# Triggers for deadfalls?



## Deebo (Oct 27, 2012)

anyone here have some tried and true triggers for deadfalls? I can see some pictures, but Im a hands on kinda guy, so if someone could say," cut 1/4 groove here, cut notch here....
" those kinda instructions, something that I could make, use, learn to set, and then make more. Help me out. 
Also, is a simple neck snare better than the "bent sapling snare", probably, becouse it invloves no trigger?


----------



## Leon (Jan 30, 2012)

well they all have nuances. I like the notch and two sticks, the sticks will have to be one long and one short, the long driven deep into the ground.


----------



## rickkyw1720pf (Nov 17, 2012)

I have thought about buying mouse and rat traps because they are cheap, and could be used as triggers for much larger traps. For example make a quick dead fall by having a stick holding up a large rock or log sitting on the rat trap so when it is tripped it will knock the stick from under the log or rock. 
PS: That 45 deg saw tooth on the back of many bayonets like the M-9 is a quick way to make the 45 deg groove used in many traps like the fig 4.


----------



## dwight55 (Nov 9, 2012)

If you have the time to scout out well used trails, . . . the snare is about as good as it gets. No trigger to fail, . . . doesn't need baited, . . . can be "checked out" from a distance if you plan ahead on where you place it.

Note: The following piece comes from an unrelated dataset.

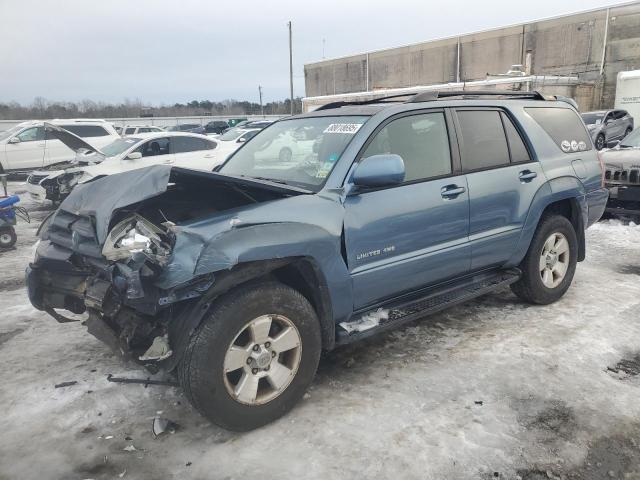 TOYOTA 4RUNNER LI 2005 with VIN JTEBU17R358030086 - Photo from auction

My uncle who did the figure 4 traps as a kid during the depression was a true believer in snares, . . . gave me the info.

May God bless,
Dwight


----------



## BamaBoy101 (Dec 9, 2013)

Deebo said:


> anyone here have some tried and true triggers for deadfalls? I can see some pictures, but Im a hands on kinda guy, so if someone could say," cut 1/4 groove here, cut notch here....
> " those kinda instructions, something that I could make, use, learn to set, and then make more. Help me out.
> Also, is a simple neck snare better than the "bent sapling snare", probably, becouse it invloves no trigger?


I would recommend looking on you tube for some info. But remember the best triggers are the most difficult to set up..


----------